TASK TO COMPLETE
Up to and including the line with "Cosplay peruks gnimegil", copy the records below exactly from their first line.

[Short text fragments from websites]
____
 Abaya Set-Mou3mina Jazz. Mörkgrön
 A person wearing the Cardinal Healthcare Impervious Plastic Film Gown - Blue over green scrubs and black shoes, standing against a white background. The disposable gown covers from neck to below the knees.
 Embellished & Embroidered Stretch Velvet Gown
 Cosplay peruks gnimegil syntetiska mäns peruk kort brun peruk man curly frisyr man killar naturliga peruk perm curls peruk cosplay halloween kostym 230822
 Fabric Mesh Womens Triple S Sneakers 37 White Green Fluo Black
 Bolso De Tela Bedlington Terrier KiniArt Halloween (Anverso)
____
ANSWER TO THE PROBLEM
 Abaya Set-Mou3mina Jazz. Mörkgrön
 A person wearing the Cardinal Healthcare Impervious Plastic Film Gown - Blue over green scrubs and black shoes, standing against a white background. The disposable gown covers from neck to below the knees.
 Embellished & Embroidered Stretch Velvet Gown
 Cosplay peruks gnimegil syntetiska mäns peruk kort brun peruk man curly frisyr man killar naturliga peruk perm curls peruk cosplay halloween kostym 230822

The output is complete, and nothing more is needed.